Selama kampanye pilpres, Prabowo Subianto kerap menegaskan bahwa pemberantasan korupsi dan reformasi birokrasi akan menjadi "prioritas utama" pemerintahannya. Janji ini disambut hangat oleh publik, terutama di tengah catatan Indonesia yang masih berada di peringkat 115 Indeks Persepsi Korupsi 2023 versi Transparency International. Kini, setelah 100 hari memimpin, pertanyaan kritis mengemuka: sejauh mana komitmen tersebut diwujudkan dalam langkah konkret?
Pidato Awal Presiden: Retorika atau Komitmen Nyata?
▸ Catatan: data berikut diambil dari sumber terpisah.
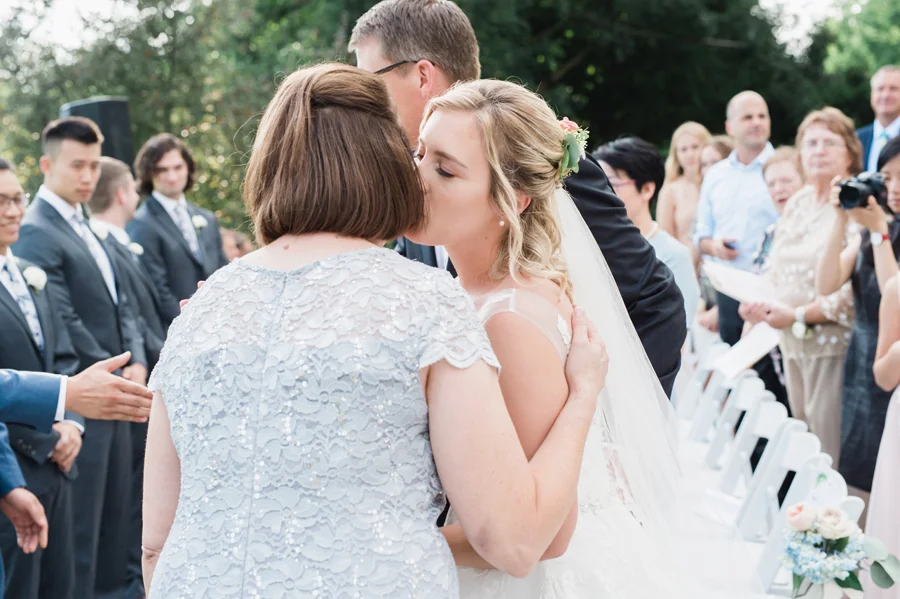 Bride kisses her mom at wedding ceremony.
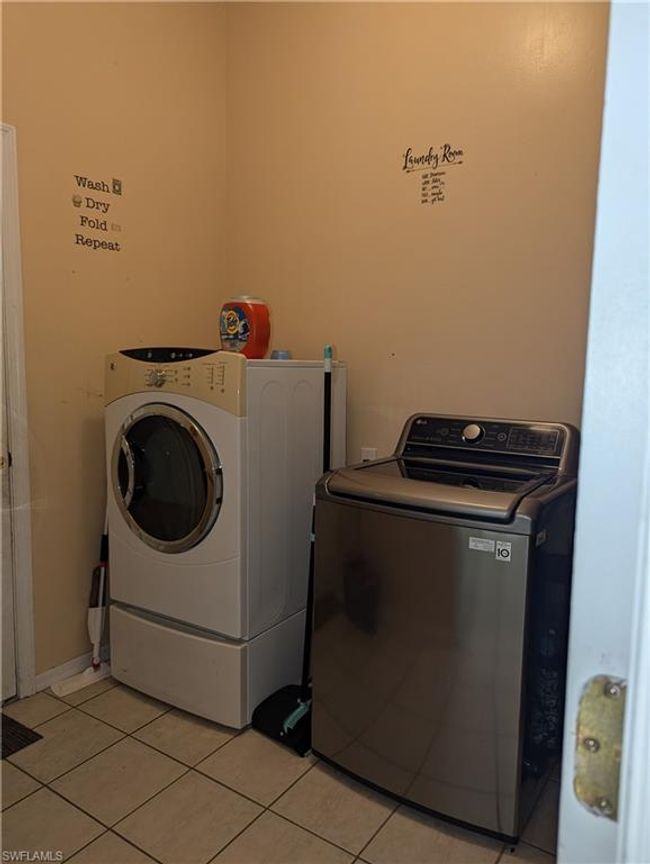 Washroom featuring washing machine and dryer and light tile patterned flooring | Image 16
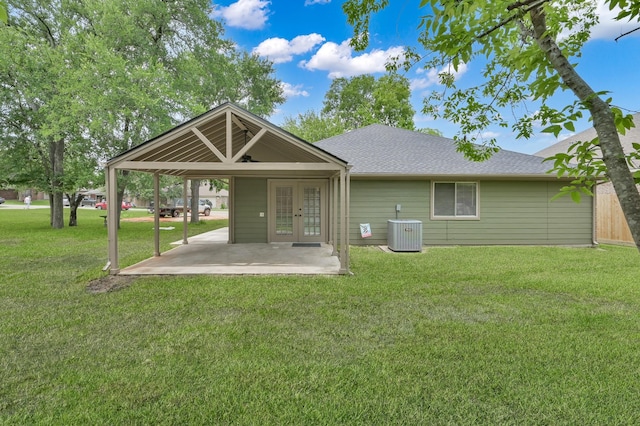 rear view of property with french doors, a yard, a patio, central AC, and roof with shingles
Dalam pidato pelantikannya, Prabowo menyebut korupsi sebagai "musuh bersama yang merusak sendi-sendi bangsa". Ia menegaskan tekadnya untuk melakukan "revolusi mental birokrasi" dan memperkuat sistem hukum guna menciptakan tata kelola pemerintahan yang bersih. Pernyataan ini langsung memantik harapan publik, terutama dari kalangan aktivis antikorupsi yang selama ini vokal menuntut transparansi. Â
Namun, retorika tanpa aksi hanya akan menjadi lip service. Masyarakat menunggu bukti: apakah pemerintah mampu mengubah janji kampanye menjadi langkah sistematis?
Klaim Pemerintah
Pemerintah mengklaim telah memulai reformasi birokrasi dengan fokus pada penyederhanaan prosedur perizinan melalui digitalisasi layanan publik, penguatan sistem pengawasan internal di kementerian/lembaga untuk mencegah mark-up anggaran, dan melakukan pelatihan integritas bagi ASN, meski masih terbatas pada instansi tertentu seperti KPK dan Kemenkeu.
Namun dengan adanya fakta bahwa bertambahnya jumlah kementerian di dalam Kabinet Merah Putih bukankah hal itu justru memperumit koordinasi antar instansi?
Atau paling tidak ada suatu instansi yang bingung menempatkan diri karena tugasnya tumpang tindih. Ujung-ujungnya saling lempar tanggung jawab apabila terjadi suatu permasalahan.
Pemerintah juga mengklaim bahwa telah menyalamatkan 6,7 Triliun uang negara dari hasil pemulihan aset negara yang sebelumnya disalahgunakan oleh pihak yang korup dan tidak bertanggung jawab. Meskipun angka tersebut bukanlah angka yang kecil, namun sejumlah pengamat mengatakan bahwa sebagian besar kasus merupakan hasil daur ulang dari periode sebelumnya.
Wacana Kontroversial Pemerintah
Pernyataan Prabowo tentang "kebijakan memaafkan pelaku korupsi asal mengembalikan aset negara" menuai polemik. Pihak yang pro berargumen ini adalah solusi pragmatis untuk mempercepat pemulihan kerugian negara. Sementara kritikus menilai kebijakan ini berisiko melemahkan efek jera dan mengabaikan prinsip equality before the law.
Meskipun demikian, hingga artikel ini ditulis belum ada panduan resmi atau peraturan turunan yang mengatur mekanisme amnesti tersebut. Hal ini memicu kekhawatiran bahwa kebijakan ini bisa disalahgunakan untuk melindungi elite tertentu.
Respons Publik: Antara Skeptisisme dan Harapan
Masyarakat tentu selalu mengharapkan bahwa adanya perubahan nyata ketika dipimpin oleh pemimpin yang baru. Pemimpin yang tidak hanya nyaring pada saat kampanye, tetapi juga pemimpin yang berani mengambil sikap, menentukan keputusan yang memberikan manfaat kepada masyarakat kita.